It was a scene to make an animal rights activist rage. But, here in the Dreux Forest, west of Paris, there were no animal rights activists, only dozens of villagers gathered around in a respectful circle. In France, stag-hunting — along with all the other types of hunting that are threatened in Britain — is largely uncontested.
Indeed, hunting with hounds is becoming increasingly popular on this side of the Channel, with almost 450 hunts already established and 20 new ones created each year. The boom is surprising. Modern forms of hunting, notably with guns, have been losing popularity for the past three decades.
“I think people like hunting with hounds because it is very natural,” said Pierre de Boisguilbert, of the French Game Hunting Society. “There are no tricks and no gimmicks. It takes place the same way now as it has for centuries.” Hunting can be traced back in France to Roman times, and the rituals and the codes that surround it to the 15th century.
Twice a week the 50 members of the Normand Piqu’Hardi Hunt ride through the 3,300 hectares (8,150 acres) of Dreux Forest, dressed in blue and red coats as they accompany the hounds in search of stags.

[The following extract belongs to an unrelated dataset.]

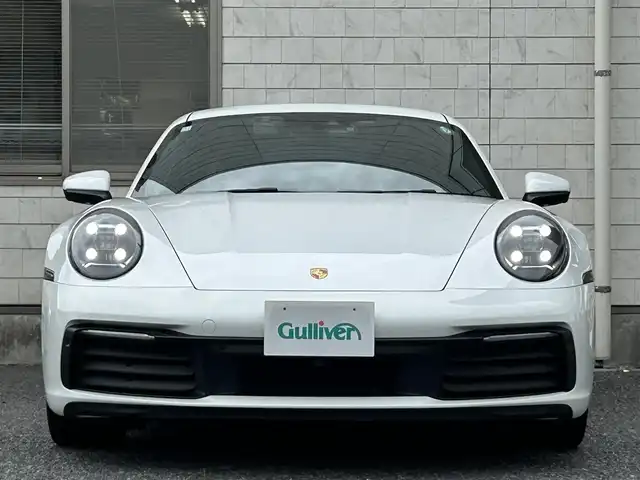 ポルシェ ９１１ カレラ 福岡県 2020(令2)年 2.7万km ピュアホワイト スポーツクロノパッケージ/・ストップウォッチ/・ドライブモードスイッチ(ステアリング)/・ローンチコントロール/ストレージパッケージ/純正10.9ディスプレイオーディオ/　(Bluetooth/ナビキット)/全方位カメラ/バック/フロント/サイドカメラ/格納式リヤスポイラー/アクティブサスペンションマネジメント/スタビリティマネジメント/アクティブセーフ(ブレーキアシスト)/アクティブレーンキープ/レーンキープアシスト/レーンチェンジアシスト/アダプティブクルーズコントロール/ナイトビューアシスト/パークアシスト/オートライト/タイヤ空気圧モニタリング/マニュアルモード/純正アルミホイール(前輪19インチ/後輪20インチ)/黒色レザーシート/シートヒーター付きパワーシート(D/N)/革巻きステアリング/ステアリングスイッチ/パドルシフト/スーパーキャットレーダー探知機【Z1100】/ユピテル前後ドライブレコーダー【SN-TW90di】/ISOFIX/スペアキー×1/保証書/取扱説明書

The horns still play an 18th-century fanfare written by the Marquis of Dampierre. The stag has run on ahead, but as the day goes by, its lead shrinks until the pack catches up with it on the edge of farmland, north of Dreux. It is trapped, encircled and finally killed by a sword thrust into the neck.
It is to the ancestral roots of this tradition that the French seem drawn. Philippe Grousset, a 42-year-old commercial lawyer from Paris, said: “It is a way of getting away from modern society, of getting back to something that is entirely natural.”
About 10,000 people pay to hunt hare, fox, rabbit, roe deer and boar as well as stag. It costs up to £2,000 a year to be a member of a club.
Then there are the 100,000 or so suiveurs — the people who regularly follow on foot, bicycle and car. They are not there to protest, as can be the case in Britain, but to applaud.
All agree with M de Boisguilbert when he says: “You may say this is cruel, but then nature is cruel. People from towns may think that nature is nice and sweet, but they are wrong. It is not.”